Grade B: Evidence is derived from one high quality study with minimal study limitations. This research warrants further high quality trials to approve.
Grade C: Evidence is derived from few studies with limitations, such as case–control studies with small sample sizes, and needs further high quality research work for approval.
Grade D: Poor quality research originating from some expert opinion with no conduct of direct research work.
Results
There was an understandable paucity of trials and quality evidence. We studied the data related to the two highly pathogenic coronaviruses—SARS-CoV-1 (SARS) and SARS-CoV-2 (COVID-19)—that have presented in the last two decades. Table 1 shows the data, supporting or otherwise, regarding the use of ACEi and ARBs in patients with SARS-CoV-1 or -2 infection.
Discussion
ACEi and ARBs are primarily used for the long-term treatment of hypertension and associated left ventricular dysfunction. In theory, it seems that the mechanistic effect of these drugs in causing ACE2 receptor up-regulation could allow SARS-CoV-2 to find more targets to attack and infect, thus worsening the patient’s condition. Conversely, avoiding the use of ACEi and ARBs in patients with hypertension could cause result in worsening of hypertension control and accelerated adverse cardiovascular effects. The data in Table 1 highlight the weaknesses in the available evidence with only one controlled trial and few studies recommending ACEi/ARB use in patients with COVID-19 [7, 16–19]. The results of the animal model study by Imai et al. suggest that administering ACEi reverses induced lung damage, suggesting that ARBs and ACEi may have utility in COVID-19 cases involving similar lung damage [11]. The recent position statements by the European Society of Cardiology and American Heart Association suggest continuing current treatment with ARBs and ACEi in hypertensive patients with COVID-19 [24, 25]. However, in our opinion, further research in COVID-19 animal models or RCTs is much needed to clarify the mechanistic details of ACE2 interactions with SARS-Cov-2 and medications and their combined interactions. Although medical science can never provide complete answers to the many questions raised, the way forward for further research needs to delineated. From this discussion and data review, it seems increased ACE2 expression is beneficial to avoid lung injury and possibly cardiotoxicity; thus it may be useful in avoiding complications in non-hypertensive subjects with COVID-19 [11, 12]. Furthermore, due to the shortcomings of the currently available data, differences in individual statements and position statements, and the repeated call or caution, results from well-designed trials are required to avoid any degree of ambiguity in short-term and possible long-term side effects [19, 20, 22, 23].
Recommendations
To conclude, we suggest the following recommendations for using ACEi and ARBs in patients with COVID-19:
The use of ARBs in particular and ACEi may be continued in hypertensive patients with COVID-19 (evidence grade: D).
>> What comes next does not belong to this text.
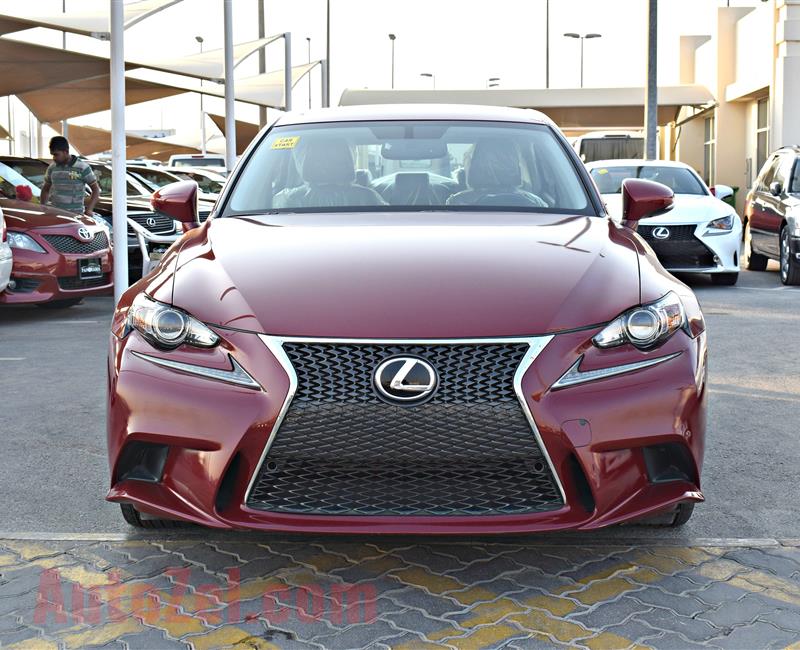 lexus  is250 model 2015 color red car specs is american -v6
The use of ARBs or ACEi to manage COVID-19 in non-hypertensive patients is not recommended (evidence grade: D).
More quality trials are needed to study the beneficial and harmful effects of ACEi and ARB use in hypertensive patients infected with COVID-19 (evidence grade: C).
Author contributions
SHK: concept, database search, manuscript writing. SKZ: database search, COVID-19 details coverage, manuscript writing.
Compliance with Ethical standards
Ethical approval
The review was formally approved by hospital’s ethical review committee.
Conflict of interest
The authors have no competing interests to declare.
Funding
No funding was received.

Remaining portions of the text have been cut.